2. Outdoor sports haven’t led to mass outbreaks. But indoor sports? We don’t know yet.
The NBA is trying to figure out how to conduct its next regular season at teams’ home arenas, likely trying to follow many of MLB’s and NFL’s protocols. But no one has played an indoor sport yet outside the bubble environment. Will that lead to mass spread? After all, it’s starting to get cold outside. Look for college basketball, which begins its season the day before Thanksgiving (likely weeks before the NBA) to be an earlier indicator. Indoor virus transmission is obviously a different animal than outdoor transmission, and there’s little reason to think this disparity wouldn’t show up in sports. It is also worth noting that we also do not know if there will be fans in the stands, either in professional or collegiate basketball. But if the laissez-faire attitude in football is any indication. don’t be surprised to see some schools try. Speaking of which …

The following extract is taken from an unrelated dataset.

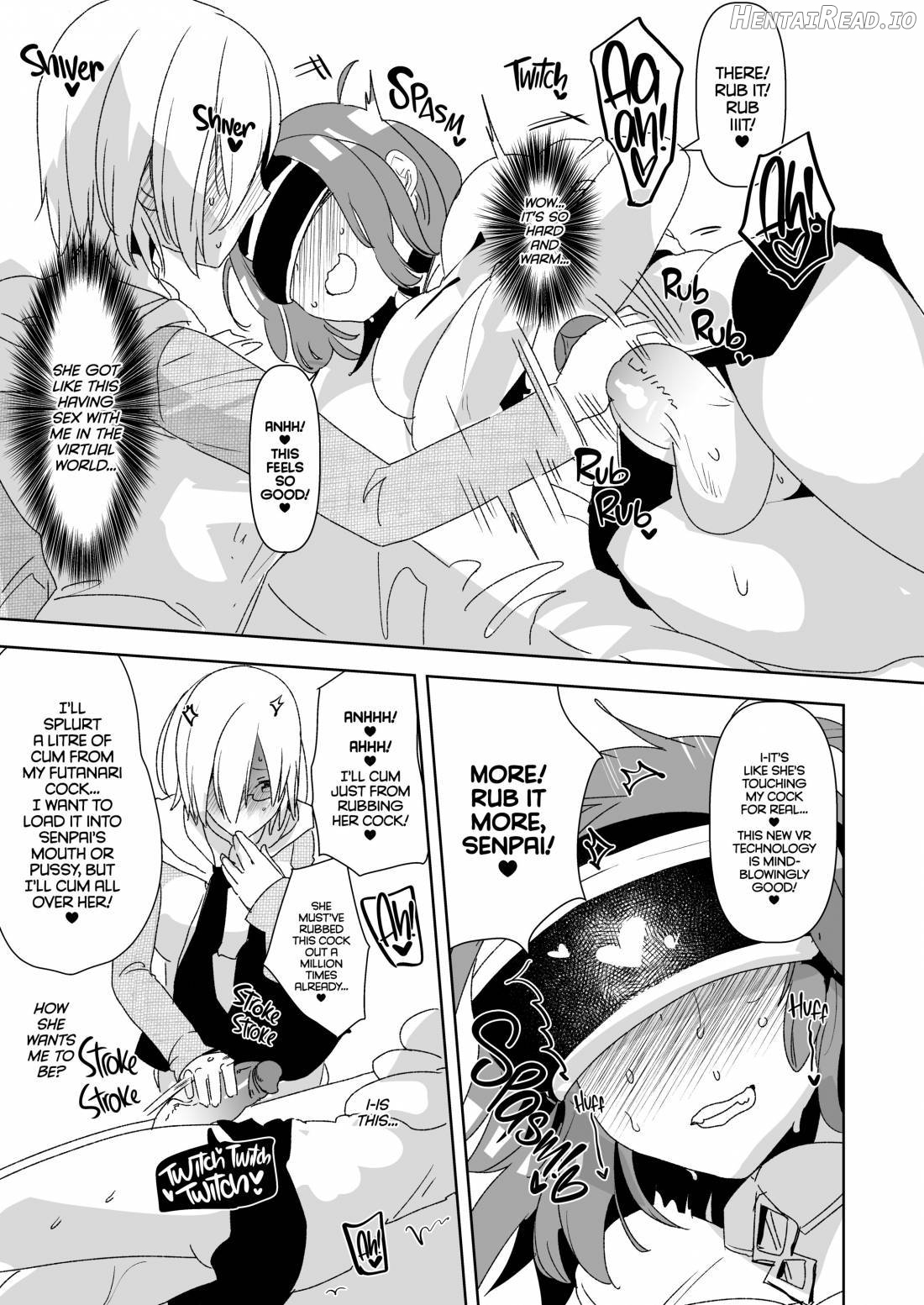 Senpai, VR yori Motto Kimochi Ii Futanari Nama Ecchi Shimasen ka? Chapter 1 - page 7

3. Fans in the stands haven’t led to any big problems so far. Can it stay that way?
I wrote last week about how teams and leagues are starting to push forward on putting spectators in seats. This hasn’t led to any mass outbreaks so far, and more people are slowly being allowed in (though no one has taken DeSantis up on his offer yet). But the odds of the virus spreading at an event obviously increase the more people are there, and indoor crowds are a far different proposition than outdoor ones. What happens if the streak ends?

4. Are we sure we should be doing this at all?
There is a school of thought among some public officials and disease specialists that because Americans are starting to fool themselves into thinking things are slowly getting back to normal, they’re more easily susceptible to the kind of shutdown fatigue that has helped lead to a recent surge in cases. As much therapeutic value as sports might have to a psychologically worn-down populace — I know it has had plenty of therapeutic value to a psychologically worn-down me — there is an argument than the “normalcy” of having them back has led to that lowering of the guard. If they can play the World Series, why can’t I go out to eat? Why can’t my kid go back to school? Why can’t I host Thanksgiving? Sports can provide uplift, it has provided an uplift, but it is possible that uplift comes at a cost. Yes, leagues are making it through their seasons without major incident or cancellation. But it doesn’t just end with them, does it? They take place in society, and reflect it. When the president pushed for sports to return, that was his reasoning: to make people feel like things were okay, that the coronavirus was under control when it obviously wasn’t. We don’t know how many people took risks they shouldn’t have, and will take risks they shouldn’t, because sports were back and running. But the answer surely isn’t zero, is it?

That doesn’t mean sports shouldn’t have come back; there were many reasons, not all of them financial, for leagues to return. But it certainly worth asking what future generations will think when they look back at 2020 and wonder, with all the carnage, how in the world sports kept going as schools were shuttered, restaurants and bars were going out of business, and millions of people lost their jobs. Of course, maybe sports have earned the right: After all, professional basketball, football, and baseball have clearly taken the virus more seriously than our federal government and much of our society. If we’d all have taken the steps sports have, maybe we’d all be back too.